-- Opening Marker --

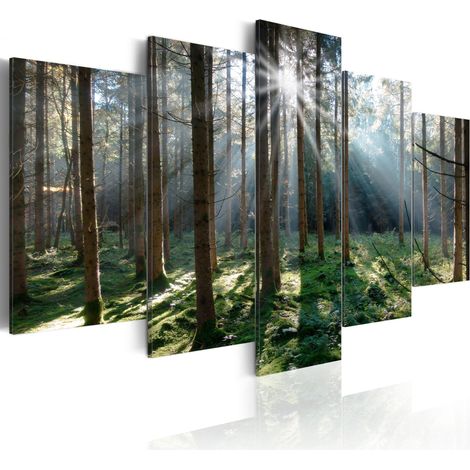 Quadro - Fairytale Forest  - 200x100 (1/4)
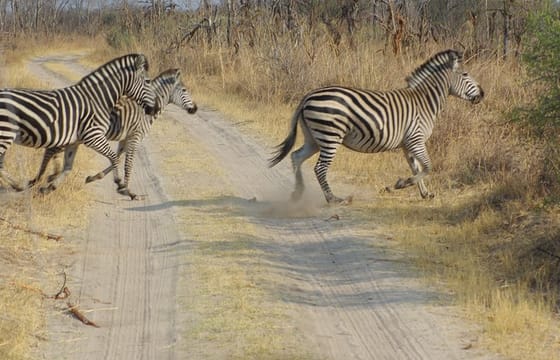 4 days Hwange Safari Game drive Staying at Iganyane Tented camp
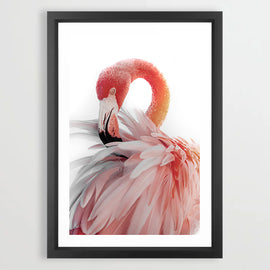 Soft Flamingo Art Print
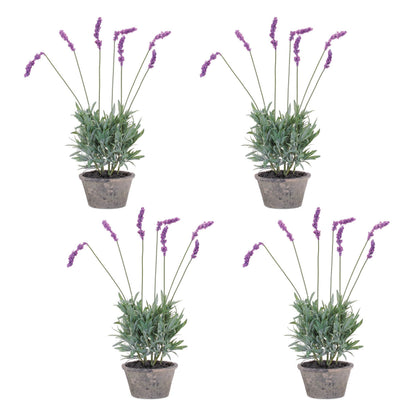 Potted Lavender Plant (Set of 4)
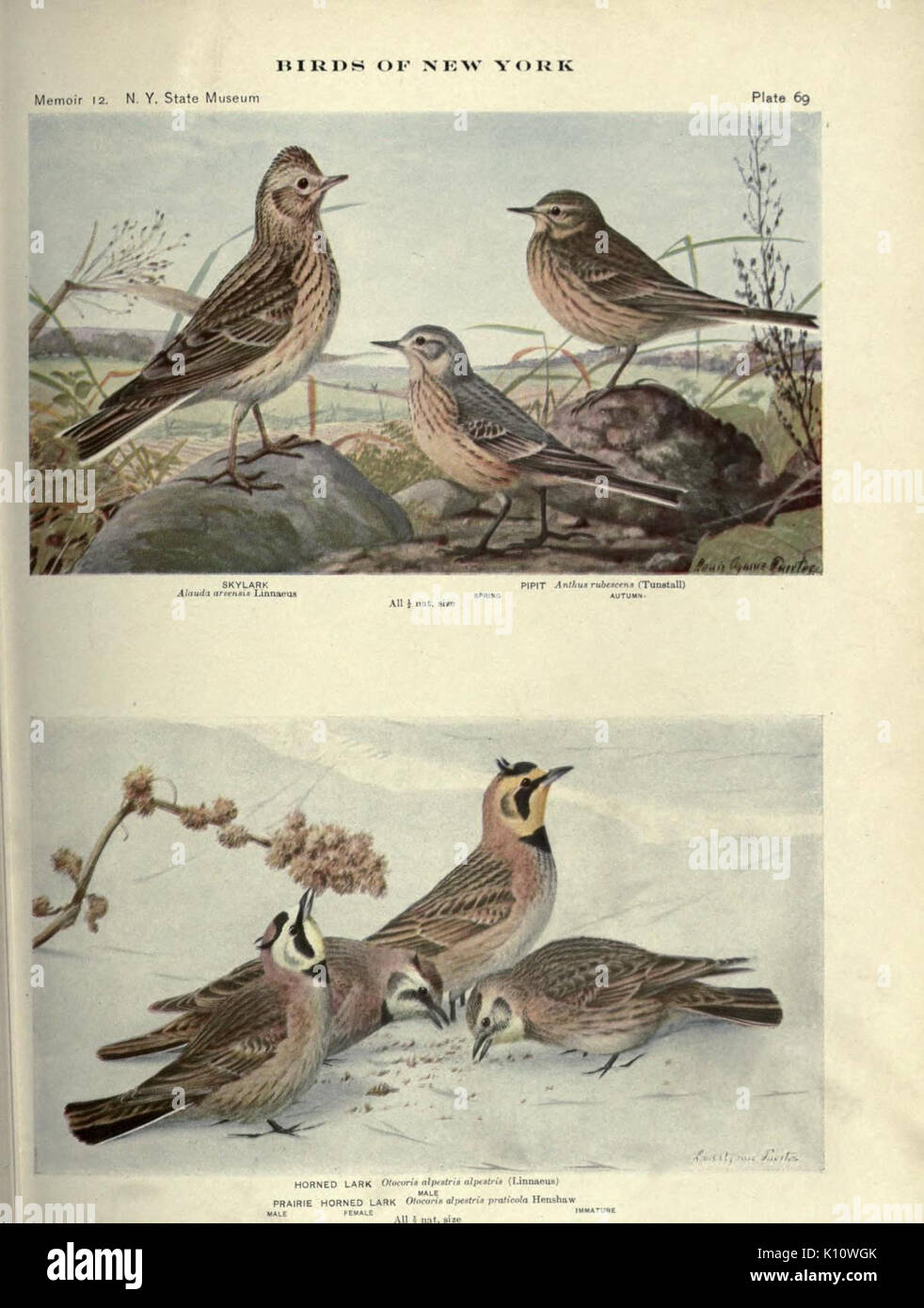 Birds of New York (Plate 69) (7047586397) Stock Photo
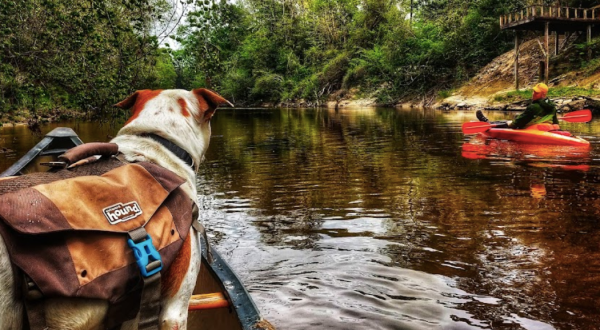 Paddling Through The Hidden Black Creek Is A Magical Mississippi Adventure That Will Light Up Your Soul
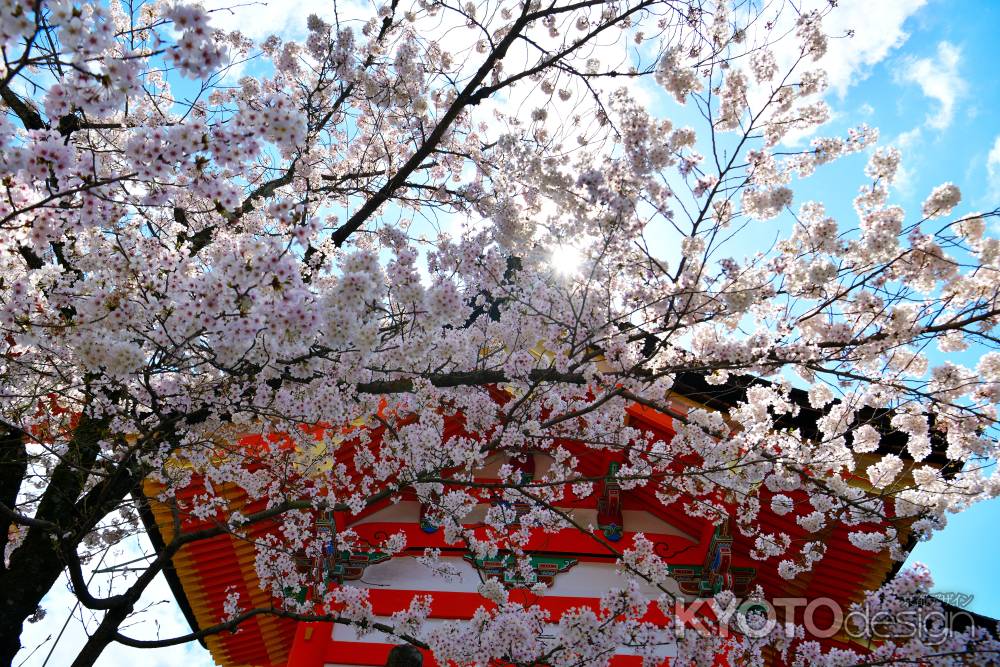 清水寺（2022年4月4日） Scene5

-- Closing Marker --

WORK TO BE COMPLETED: Reproduce exactly the lines that run from the line holding "Potted Lavender Plant (Set of 4)" through the final line of the entries, and omit every picture.

EXERCISE ANSWER:
 Potted Lavender Plant (Set of 4)
 Birds of New York (Plate 69) (7047586397) Stock Photo
 Paddling Through The Hidden Black Creek Is A Magical Mississippi Adventure That Will Light Up Your Soul
 清水寺（2022年4月4日） Scene5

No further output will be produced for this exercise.